[Stored items]

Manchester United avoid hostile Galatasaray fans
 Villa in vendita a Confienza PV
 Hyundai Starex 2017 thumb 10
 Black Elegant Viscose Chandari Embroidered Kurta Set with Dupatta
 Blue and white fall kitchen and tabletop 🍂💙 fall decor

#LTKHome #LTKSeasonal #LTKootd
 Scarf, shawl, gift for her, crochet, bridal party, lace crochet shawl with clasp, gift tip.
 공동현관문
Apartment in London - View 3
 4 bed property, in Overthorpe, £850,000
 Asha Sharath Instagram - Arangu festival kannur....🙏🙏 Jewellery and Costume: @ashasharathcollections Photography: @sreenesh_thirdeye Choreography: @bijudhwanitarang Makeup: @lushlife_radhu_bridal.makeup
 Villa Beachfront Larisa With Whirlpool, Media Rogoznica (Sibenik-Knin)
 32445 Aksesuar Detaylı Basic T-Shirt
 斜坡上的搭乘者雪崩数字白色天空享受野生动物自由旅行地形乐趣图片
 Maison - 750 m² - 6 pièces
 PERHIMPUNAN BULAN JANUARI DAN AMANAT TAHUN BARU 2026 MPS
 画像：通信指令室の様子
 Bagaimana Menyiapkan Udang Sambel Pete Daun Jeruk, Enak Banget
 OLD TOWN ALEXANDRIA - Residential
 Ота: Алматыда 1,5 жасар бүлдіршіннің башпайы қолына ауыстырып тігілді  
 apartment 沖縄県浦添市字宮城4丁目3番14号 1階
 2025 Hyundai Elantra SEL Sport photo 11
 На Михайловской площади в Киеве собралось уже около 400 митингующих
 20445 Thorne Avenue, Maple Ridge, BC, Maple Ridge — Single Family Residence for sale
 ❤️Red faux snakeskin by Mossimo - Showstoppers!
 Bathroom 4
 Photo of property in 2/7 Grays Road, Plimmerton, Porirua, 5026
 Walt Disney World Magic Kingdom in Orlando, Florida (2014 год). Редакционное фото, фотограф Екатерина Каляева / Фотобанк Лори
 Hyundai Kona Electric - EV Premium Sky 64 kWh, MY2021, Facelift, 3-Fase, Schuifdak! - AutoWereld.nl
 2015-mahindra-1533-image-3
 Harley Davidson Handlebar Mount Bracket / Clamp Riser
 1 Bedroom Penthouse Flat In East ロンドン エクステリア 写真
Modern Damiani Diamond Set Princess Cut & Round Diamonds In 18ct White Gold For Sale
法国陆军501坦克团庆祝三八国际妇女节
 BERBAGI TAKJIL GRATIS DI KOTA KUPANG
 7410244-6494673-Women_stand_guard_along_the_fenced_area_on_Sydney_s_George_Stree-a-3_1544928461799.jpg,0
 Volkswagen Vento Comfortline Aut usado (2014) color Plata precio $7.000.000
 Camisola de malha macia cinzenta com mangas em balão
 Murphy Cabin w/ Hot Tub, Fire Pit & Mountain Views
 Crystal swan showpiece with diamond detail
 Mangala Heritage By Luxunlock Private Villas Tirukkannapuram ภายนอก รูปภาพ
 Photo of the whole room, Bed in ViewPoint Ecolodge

## To do:
Above are the records. Copy every line in them holding "property".

## Problem solution:
 4 bed property, in Overthorpe, £850,000
 Photo of property in 2/7 Grays Road, Plimmerton, Porirua, 5026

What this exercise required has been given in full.